In order to prevent your kids getting lice in the first place, you could use products that contain natural headlice repellents.
Vosene’s 3 in 1 kid’s shampoo (£2.49) contains tea tree oil and lemon eucalyptus oil, to help keep head lice at bay – as does the brand’s conditioning defence spray (£3.00).
Puressentiel also sell a headlice repellent spray (£9.99) which is clinically proven to repel lice and prevent infestation for 24 hours.
If your child is unlucky enough to have head lice then one of the most common methods to get head lice is a metal louse comb.
These are a cheap way to remove lice from the scalp and can be purchased for under £4.00, such as the Superdrug Metal Nit and Head Lice Comb.
Plastic combs are even cheap than this and can be purchased for as little as 50p.
You need to start at the scalp to catch the lice eggs which are laid and hatch just a fraction away from the scalp.
To make sure you catch them you should comb each section in multiple directions and pull the comb all the way through to the ends of the hair – it’s likely you will see lice on the comb after you pull it through.
Check, Treat, Complete
Ian recommended using a ‘Check, Treat, Complete’ step-by-step process.
He explained: “Firstly, you need to check children’s hair once a week using a plastic detection comb (with teeth no more than 0.3mm apart), if live lice are found, consult a pharmacist for treatment advice.
“Some people may choose to treat the whole family even if head lice are only found on one or more of the children, but this is really not necessary and may cause undue stress.
“Next, treat, if live lice are identified. For example, the Hedrin All In One Shampoo contains isononyl isononanoate, an active ingredient which kills lice in just five minutes.
“Make sure to follow the treatment instructions carefully, with Hedrin’s shampoo, you simply apply to dry hair (from root to tip), leave for no more than 5 minutes, wet hair to make a lather, comb through a section at the time.”
One that is complete the last step is to do a further check a week after application, and you should repeat the treatment for a second time to kill any lice that may have hatched from surviving eggs during that time.
BLOW BUGS AWAY
Most of us have a hair dryer at home and a previous study found that using short sharp bursts of hot air on lice can help get rid of them.

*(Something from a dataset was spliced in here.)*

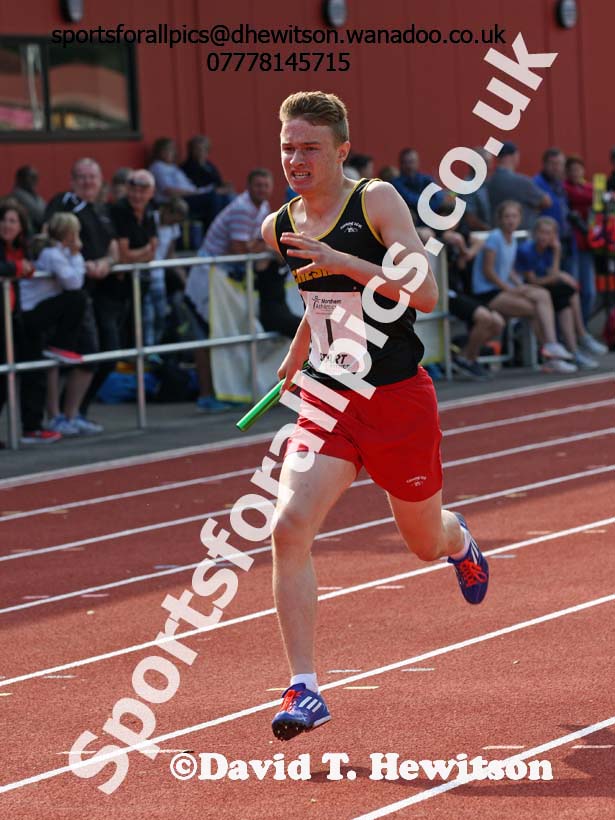 Mens 400 metres at the Northern Inter-Counties under-17s and 15s at Witton Park, Blackburn. Photo: David T. Hewitson/Sports for All Pics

Experts at the University of Utah said blasting the lice with hot air with a normal hair dryer killed 55 per cent of the lice.
If you’re going to try this method it’s important to only use short sharp bursts of hot air as you don’t want to burn your child’s scalp.
Using natural products can sometimes be better for those who have a sensitive scalp.
Products such as tea tree oil cost around £3.00 and you can also use other natural lotions and oils such as eucalyptus oil and lavender oil herbal remedies, the NHS says.
Pharmacies are often stocked up with lice lotions. These are usually a little bit more expensive than natural oils and range from anything from £5 to £20.
Products that contain isononyl isononanoate, can be useful as this is an active ingredient which kills lice in just five minutes.
Lucy Morton Channon, Superdrug’s Pharmacy Superintendent said you should try and use something gentle of the scalp.
Superdrug also sell a £6.49 spray which can be used to kill headlice.
Lucy said you should peak to your local pharmacy team for the best advice for you and your family.